Further, children were more likely to have de novo mutations identified through exam sequencing that were predicted missense variants. Given the additional complications associated with pediatric onset of PAH, understanding the genetic differences in this population is an important step towards identifying novel genes and mechanisms which could guide future therapeutic development.
Our next manuscript authored by Iisan Kadhen, Carolyn Macdonald, Mark Lindsay, and colleagues from Harvard Medical School is entitled, "Prospective Cardiovascular Genetics Evaluation in Spontaneous Coronary Artery Dissection," or SCAD. They genotyped individuals with SCAD to find out the genetic contribution to the disease. Of the patients for whom genetic testing was performed, six of them were 8.2%. Identifiable mutations in genes known to be involved in vascular disease, including COL3A1, LMX1B, PKD1, and SMAD3. These individuals were significantly younger at the time of their first SCAD event compared to patients with no identifiable mutation. Given the relatively higher rate of mutations identified in this sample, there may be a rationale to conduct genetic testing in all individuals presenting with SCAD, particularly in younger individuals.
Shiu Lun Au Yeung, Maria-Carolina Borges, and Debbie Lawlor, from the University of Hong Kong and the University of Bristol, set out to find out if reduced lung function is causal in coronary artery disease. As reported in their manuscript, entitled "The Association of Genetic Instrumental Variables for Lung Function on Coronary Artery Disease Risk, A 2-Sample Mendelian Randomization Study," they used a Mendelian Randomization approach to assess causal relationships between two measures of lung function. Forced expiratory volume in one second, and forced vital capacity on CAD. Genetic predictors of increased forced expiratory volume were associated with lower risk of CAD. While there was a similar association with forced vital capacity, this was attenuated in sensitivity analyses. Overall, the data suggests that higher forced expiratory volume may independently protect against CAD. However, the mechanisms remain unclear.
Finally, the April issue also contains a white paper from Kiran Musunuru, Xiao-zhong Luo, and colleagues entitled, "Functional Assays to Screen and Dissect Genomic Hits, Doubling Down on the National Investment in Genomic Research." This paper lays out strategies to followup on findings from high-throughput genomic analyses, including the use of novel technologies, assays, and model systems that can help to effectively translate big data findings and capitalize on previous investment in genomic discovery.

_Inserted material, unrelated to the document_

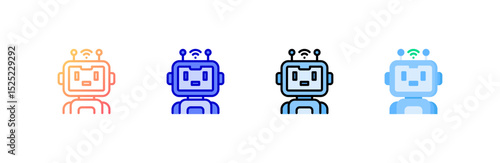 Robot icon set multiple style collection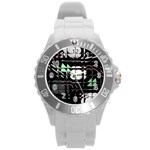 Digital Illusion Round Plastic Sport Watch (L)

To see the latest issue of Circulation Genomic and Precision Medicine, and to access all the papers we talked about and to browse previous issues, go to "circgenetics.ahajournals.org."
Sony Tuteja: Hello, my name is Sony Tuteja, I'm an assistant Professor of Medicine at the University of Pennsylvania in Philadelphia, I'm also an early career member of the American Heart Association Council on Genomic and Precision Medicine. Today I'm joined by Dr. Craig Lee, an associate Professor of Pharmacy at the University of North Carolina School of Pharmacy. Dr. Lee is a first author of an article published in April 2018 issue of Circulation Genomic and Precision Medicine entitled, "Clinical Outcomes and Sustainability of Using CYP2C19 Genotype Guided Anti-Platelet Therapy After Percutaneous Coronary Intervention." Welcome Dr. Lee, and thank you for joining me today.
Craig Lee: Thanks for having me.
Sony Tuteja: First let me just say congratulations on spearheading such impactful work on the implementation of CYP2C19 pharmacogenetic testing.
Craig Lee: Thanks, this has been a very complicated project, but a lot of fun.
Sony Tuteja: Great. So I think some of our listeners may have not had time to read your paper yet so I was wondering if you could provide a brief overview of the paper and what the study was about.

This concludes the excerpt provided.